### Collected data entries
——————————

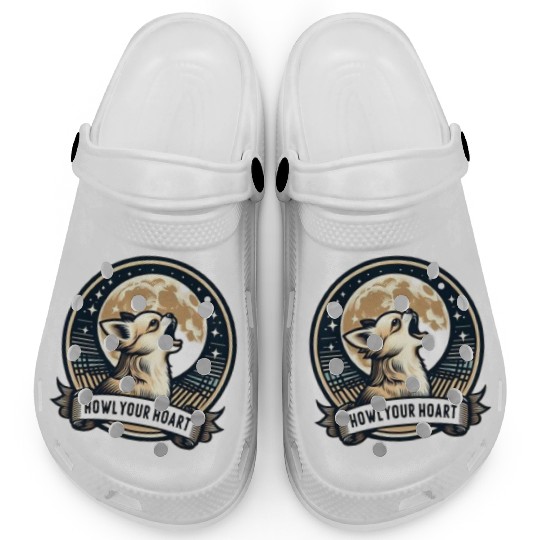 chihuahua-howling-vintage-moon-vector-Clogs-desig
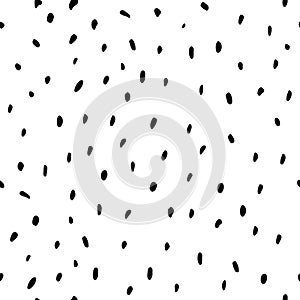 Hand-drawn pattern background with black and white strokes and dashes. Hand-drawn seamless pattern. Vector isolated illustration.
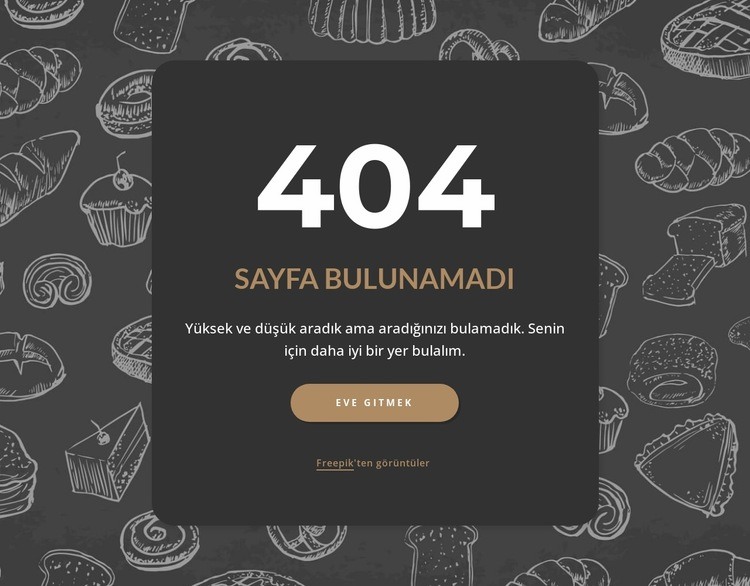 Sayfa koyu arka planda bulunamadı Web Sitesi Mockup'ı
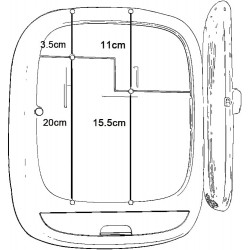 HQW Étagère cosmétique Murale, Armoire de Salle de Bain Suspendue en matériau PP pour cosmétiques et Fournitures d'hygiène,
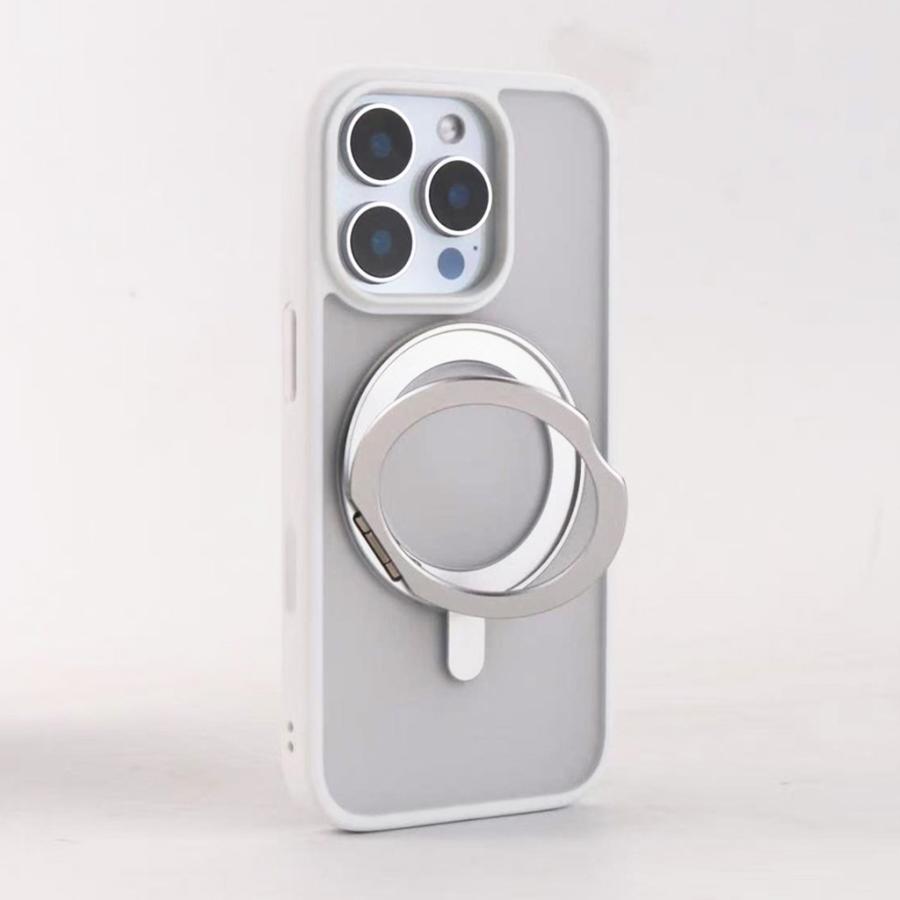 新入荷 iPhoneケース MagSafe対応 360度回転リング付 クリア 透明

——————————

### PROBLEM REQUIREMENTS
No picture belongs in the answer; the rest of the records must be repeated exactly.

### WRITTEN RESPONSE
 chihuahua-howling-vintage-moon-vector-Clogs-desig
 Hand-drawn pattern background with black and white strokes and dashes. Hand-drawn seamless pattern. Vector isolated illustration.
 Sayfa koyu arka planda bulunamadı Web Sitesi Mockup'ı
 HQW Étagère cosmétique Murale, Armoire de Salle de Bain Suspendue en matériau PP pour cosmétiques et Fournitures d'hygiène,
 新入荷 iPhoneケース MagSafe対応 360度回転リング付 クリア 透明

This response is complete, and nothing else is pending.